As I write this, I deal with a nasty cold that I’ve been feeling come on for a few days but wasn’t willing to accept was coming on. Not that there’s anything I can do about it. Whenever one of us has a cold, my husband always searches the Internet to find out whether they’ve found a cure yet. So far, no luck. I’m not terribly sick as of yet anyway. I think my husband suffers almost more from the weird noises my body makes when I can barely breathe than I do.

A lot has been on my mind lately. I could of course write a gratitude list and devote a sentence or two to each thing. I may do that eventually, but right now, I want to share about a specific experience in more detail.

Last week, we told our staff at day activities about ourselves. We disclosed that we may have dissociative identity disorder (calling it multiple personality) and explained that it’s a trauma-based survival mechanism. The staff member we told was totally fine with it. She actually validated us, saying she’d seen a little come out to her.

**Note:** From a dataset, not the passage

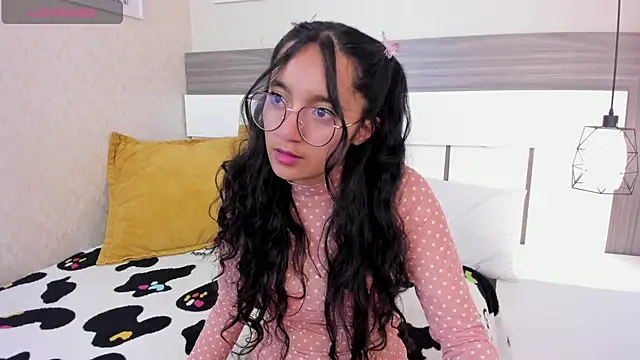 Snapshot of Emilyblussh chatting on March 2026 06:04:02 PM Emilyblussh online show from March 2026 06:04:02 PM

Then on Monday this week, we had a flashback while at day activities. A fellow client needs to be given oxygen at times. This reminded one of our littles of the time we needed oxygen as a four-year-old because our trachea had closed up. An adult alter was able to explain this to a staff before the little came out, but then we could no longer keep ourselves from switching and the little popped out.

This little started talking to our staff, the one we’d come out to the week before. She asked to sit on the staff’s lap. We had agreed when we first came out as multiple that this is okay with both the staff and us. It was such a nurturing experience.

Afterwards, an adult did feel the need to check with this staff that it’d been alright with her, but it had been no problem. That’s a good thing about doing day activities at a center for intellectually disabled people. I’m pretty sure that in psychiatric care, we’d not be allowed to express such a “childish” need for affection.